The visuals are once again the star of the show, and multiplayer is every bit as smooth and sweet… except you’re usually playing this on a widescreen TV twice the size of a large monitor with outstanding framerate and detail. The precision sighting and aim system everyone is raving about makes it here too, and yes – the single player is every bit as gung-ho, jingoistic and sensational as you would expect from the team who drew such great feedback when they pulled out COD3 for the launch of Xbox 360.

The main quibbles are a lobby system that sometimes drags its feet finding you a game and the fact if you own a PC and Xbox 360, you will be hard pressed to figure out which one of these you should buy. Both versions already have extremely good players cleaning up online – annoyingly good in many cases. Excellence permeates throughout both – we’d probably suggest to owners of both platforms at this stage the increased flexibility of the PC version’s server selection system gives it the edge in multiplayer, and the Xbox 360’s rock solid framerate and likely lounge room setting shades the PC in single player. But really – whichever format you spend more time on – its version will more than suffice.
Member Reviews (2)
_ _
barty326's Review

The moment I entered the shoes of 'Soap', I felt a connection between me and the soldier I was in charge of.

Then I was introduced to Gaz and Price. They made the game complete. I will admit the training was a bit short but it did prepare me for what happened next.
The Cargo-ship Operation.
The next mission was full of scenery and plenty to look at even though you could see that country being torn apart by war.

Most of the weapons handle good and proper. The sounds are very immersive.
[Well except from the AK-47]
From the airstrike Harriers zooming overhead to the Cobra gunship providing cover for the ground troops to move in.

Then you've got the art direction. Both sniper mission had a great amount of scenery. The Middle Eastern missions feel as though you really were there! And in Russia, it felt as though your character could freeze.
It was just fantastic!

Now to the faults:
Sometimes the AI dont react the way you'd like them to.
They are really there for show. It all depends on where they were placed at the beginning of the mission.
Also, in a few missions you can fall through the map and don't die.

But don't let that put you off. This is a great game.
I think that Call Of Duty is just a dependable series.

Multiplayer is something I'd prefer you readers to find out for your-selves. Perks and weapon attachments mean you won't be playing the same game.
Its just plain fun!


10
Jesus's Review

When I went into in Call of Duty 4 for the first time, i litterally was gasping for air. The Graphics and the Ranking system on the multiplayer are amazing, and when i say the graphics are amazing, I thought I was Playing on an 8*** series. Sadly this isn't true.

Saying that, I would reccomend this game to anyone, as long as you can use a mouse and a keyboard, you'll love this game, even if you do only play on singleplayer.

What can I say This is the first time i have finished a singleplayer game, No Jokes. This game kept me hooked on the screen without having any human interaction- a very unusual feat for myself.I felt like I was there kicking some serious russian butt. I keep coming back to play the unlockables and the certain "Death From Above " mission.
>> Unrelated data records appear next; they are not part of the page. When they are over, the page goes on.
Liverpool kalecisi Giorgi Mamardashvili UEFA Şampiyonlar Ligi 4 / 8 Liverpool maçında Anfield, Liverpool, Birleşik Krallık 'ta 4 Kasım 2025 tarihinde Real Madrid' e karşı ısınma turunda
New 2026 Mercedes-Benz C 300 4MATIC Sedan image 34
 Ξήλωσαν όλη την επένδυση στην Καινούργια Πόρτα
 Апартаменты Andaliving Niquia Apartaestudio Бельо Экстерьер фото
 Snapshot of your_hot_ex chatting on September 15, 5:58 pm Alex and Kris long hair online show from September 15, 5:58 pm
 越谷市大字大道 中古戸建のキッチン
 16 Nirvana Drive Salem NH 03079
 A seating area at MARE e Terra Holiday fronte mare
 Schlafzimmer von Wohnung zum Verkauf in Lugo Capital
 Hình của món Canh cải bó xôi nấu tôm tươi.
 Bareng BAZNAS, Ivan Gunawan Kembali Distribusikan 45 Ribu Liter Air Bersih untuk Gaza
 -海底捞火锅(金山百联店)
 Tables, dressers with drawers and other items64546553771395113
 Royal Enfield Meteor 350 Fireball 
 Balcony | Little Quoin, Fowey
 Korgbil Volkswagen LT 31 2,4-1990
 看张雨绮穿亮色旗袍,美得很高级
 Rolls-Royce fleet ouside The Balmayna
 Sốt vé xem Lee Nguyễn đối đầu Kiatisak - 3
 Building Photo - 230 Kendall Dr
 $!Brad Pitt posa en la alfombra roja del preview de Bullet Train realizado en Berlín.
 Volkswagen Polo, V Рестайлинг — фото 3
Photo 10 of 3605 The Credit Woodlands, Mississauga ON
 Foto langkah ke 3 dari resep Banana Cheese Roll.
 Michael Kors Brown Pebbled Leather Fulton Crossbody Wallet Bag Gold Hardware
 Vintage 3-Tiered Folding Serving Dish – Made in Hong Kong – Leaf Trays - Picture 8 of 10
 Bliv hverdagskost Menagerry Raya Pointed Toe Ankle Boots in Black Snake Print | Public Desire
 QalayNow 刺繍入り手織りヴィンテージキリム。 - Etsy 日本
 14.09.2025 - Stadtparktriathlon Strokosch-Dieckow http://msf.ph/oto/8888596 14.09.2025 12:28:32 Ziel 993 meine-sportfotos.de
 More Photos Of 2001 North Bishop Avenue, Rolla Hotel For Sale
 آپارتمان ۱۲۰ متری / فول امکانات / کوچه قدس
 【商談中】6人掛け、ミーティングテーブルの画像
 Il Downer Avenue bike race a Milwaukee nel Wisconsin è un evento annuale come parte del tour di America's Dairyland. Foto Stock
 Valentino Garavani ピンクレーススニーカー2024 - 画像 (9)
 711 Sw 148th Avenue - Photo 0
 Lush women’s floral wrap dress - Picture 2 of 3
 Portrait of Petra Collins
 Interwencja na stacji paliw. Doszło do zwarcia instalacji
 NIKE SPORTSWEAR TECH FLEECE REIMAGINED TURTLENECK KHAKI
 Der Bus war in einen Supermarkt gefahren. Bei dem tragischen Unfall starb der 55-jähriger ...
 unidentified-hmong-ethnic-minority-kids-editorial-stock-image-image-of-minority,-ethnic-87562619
If you do decide to play multiplayer do be afraid to taunt other players, after all you have to be better than someone else, and if not practice a little more on singleplayer.The ranking system is pretty basic you have rankings up to 55, and if you do own a console version you can have the option of going back to number 1 for a shiny new badge. Its not that hard to rank up, only taking me four days to go up 39 ranks, and i am a n00b.

If anyone does try and utter that this is like another game out there, go download the demo and give it to them, don't be suprised to see on there Xfire next week that they're Playing Call Of Duty 4. For this is the best game i have seen in my short life.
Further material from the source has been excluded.